Die Rede von »Einwohnern« hat hier viel mit dem normalen Leben zu tun. Trump spricht nicht pathetisch von den Bürgern, sondern von den normalen Bewohnern einer Stadt oder eines Landstrichs, die einfach ihrem Leben nachgehen wollen, ohne dabei gestört zu werden.
Auch das so viel kritisierte Photo vor der St. John’s Episcopal Church, der Kirche der Präsidenten in unmittelbarer Nachbarschaft des Weißen Hauses, drückte im Grunde dieses Bekenntnis Trumps zum normalen Leben aus, das in den letzten Tagen zum Opfer der Randale geworden ist – auch wenn die Bischöfin der zugehörigen Diözese und manch anderer das nicht einsehen wollten.
Diese Mischung aus »positive thinking« und einem Aufruf zur nationalen Einheit könnte durchaus beim amerikanischen Wahlvolk im Herbst verfangen. Und darauf wird es zuletzt ankommen. Bis dahin kann das Chaos für Trump noch etwas weiter andauern.
Noch einmal zur eng umgrenzten Ursache: Der Tod Floyds
Die staatliche Beschwerdeschrift gegen Derek Chauvin spricht davon, dass sich George Floyd mehrfach absichtlich fallen ließ, um nicht in den Polizeiwagen einzusteigen. Das kann man auch auf den verschiedenen Videos sehen. Oder war das Niedersinken durch die Drogen Fentanyl und Methamphethamin ausgelöst, die bei Floyd nachgewiesen wurden? Dass er behauptete, klaustrophobisch zu sein, könnte dagegen auf seinen Unwillen, ins Auto einzusteigen, hindeuten.

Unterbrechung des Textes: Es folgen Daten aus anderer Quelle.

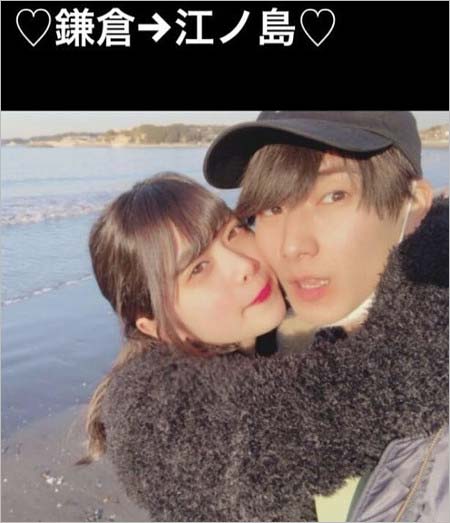 すみだかほのインスタ裏アカ流出、関西ジャニーズJr.朝田淳弥との密着ツーショット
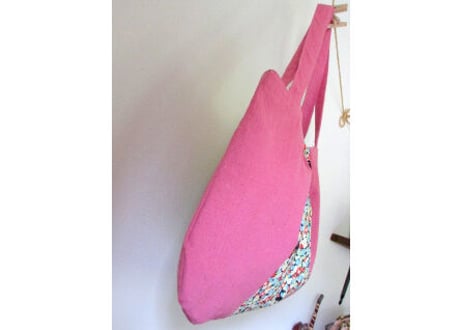 猫とお花のふんわりショルダーバッグ＊ピンク★3500→2900円！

Daneben heißt es in der Beschwerdeschrift: »Während er neben dem Wagen stand, begann Mr. Floyd zu sagen und zu wiederholen, dass er nicht atmen konnte.« Ist das durch die Körperkameras der Beamten belegt? Oder ist es eine Aussage der Polizisten? Im letzteren Fall könnte es eine deckende Aussage zu eigenen Gunsten sein. Wäre es so gewesen, dann wiese es darauf hin, dass Floyd schon vor der Fixierung durch Chauvin und seine Kollegen unter Atembeschwerden litt.
Zuletzt wird noch das Untersuchungsergebnis des Amtsarztes erwähnt, der keine Zeichen für eine gewaltsame Strangulation Floyds fand, wohl aber die Fixierung durch die Polizisten unter die möglichen Ursachen seines Todes rechnete – ebenso wie die Erkrankung seiner Herzkranzgefäße, seinen Bluthochdruck und eventuellen Drogenmissbrauch. Der Vorwurf gegen Derek Chauvin lässt sich kurz so zusammenfassen, dass er durch seine Ausbildung um die Gefährlichkeit der Fixierung durch Knie im Nacken wusste und diese Position noch für knapp drei Minuten aufrechterhielt, nachdem Floyd bereits das Bewusstsein verloren hatte. Es bleibt bei der Uneinigkeit der beiden veröffentlichten Autopsien, von denen die eine von einem »Stillstand von Herz und Lungen« spricht, während die andere von Floyds Tod durch Atemnot (Asphyxie) ausgeht, gleich ob dieselbe durch innere oder äußere Ursachen zustande kam.